At this point, I think using string extensions is the only option to shorten the code. And that makes sense only when that code is repeated in at least a few places...
Looks fine to me, being really picky I would replace "..." with the entity reference "…"
I can't think of any but your approach might not be the best. Are you adding presentation logic into your data object? If so then I suggest you put that logic elsewhere, for example a static StringDisplayUtils class with a GetShortStringMethod( int maxCharsToDisplay, string stringToShorten).
However, that approach might not be great either. What about different fonts and character sets? You'd have to start measuring the actual string length in terms of pixels. Check out the AutoEllipsis property on the winform's Label class (you'll prob need to set AutoSize to false if using this). The AutoEllipsis property, when true, will shorten a string and add the '...' chars for you.

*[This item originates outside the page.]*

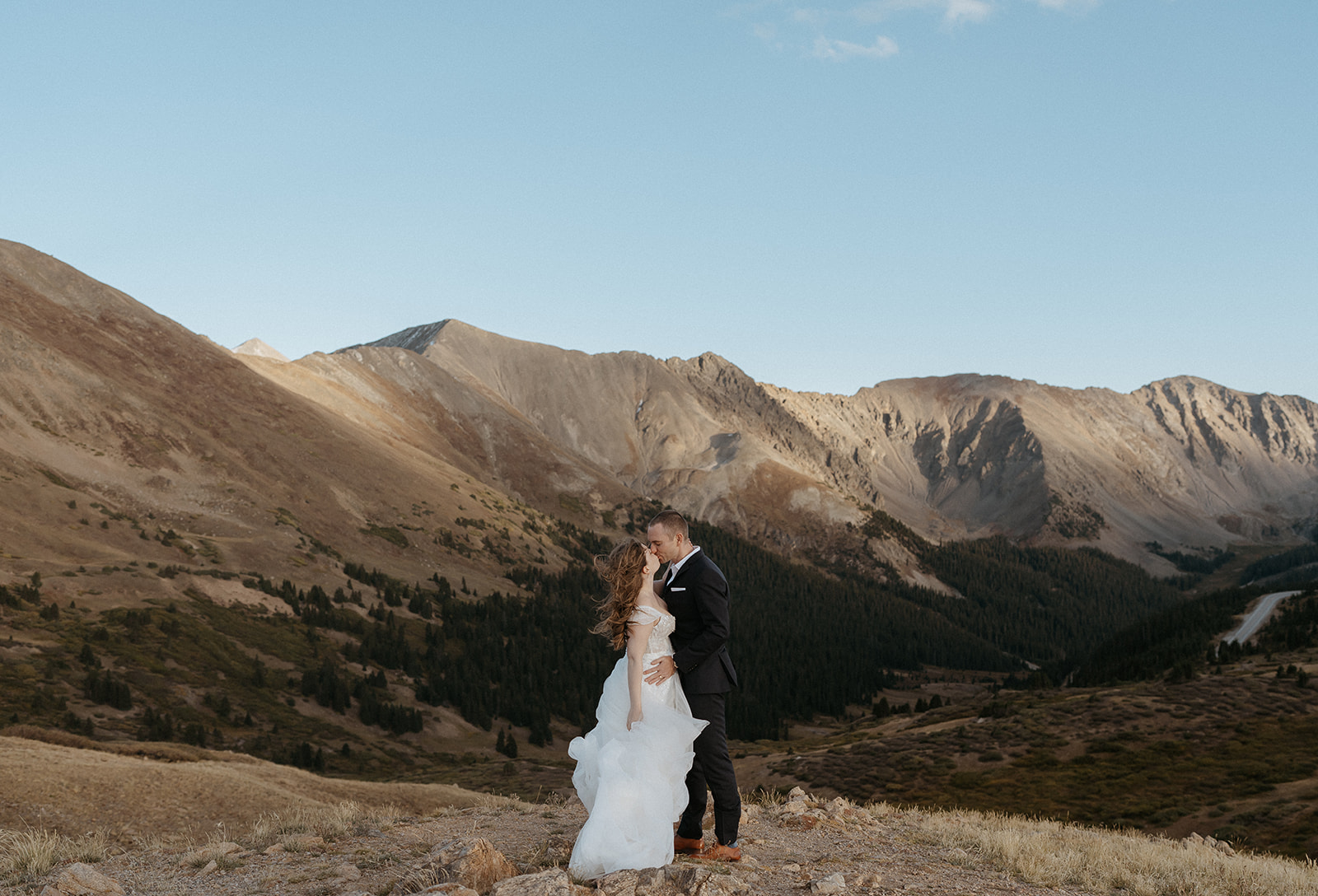 Newlyweds kiss on the edge of a mountain at sunset in a lace dress and black suit
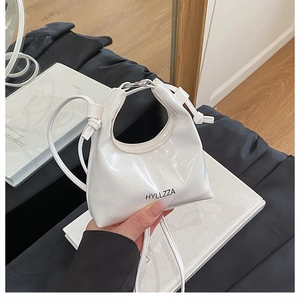 Detail of white glossy patent leather handbag with curved handle and knotted strap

I'd stick with what you have tbh, but just as an alternative, if you have LINQ to objects you could
new string(this.Description.ToCharArray().Take(25).ToArray())
//And to maintain the ...
+ (this.Description.Length <= 25 ? String.Empty : "...")
As others have said, you'd likely want to store 25 in a constant
You should see if you can reference the Microsoft.VisualBasic DLL into your app so you can make use of the "Left" function.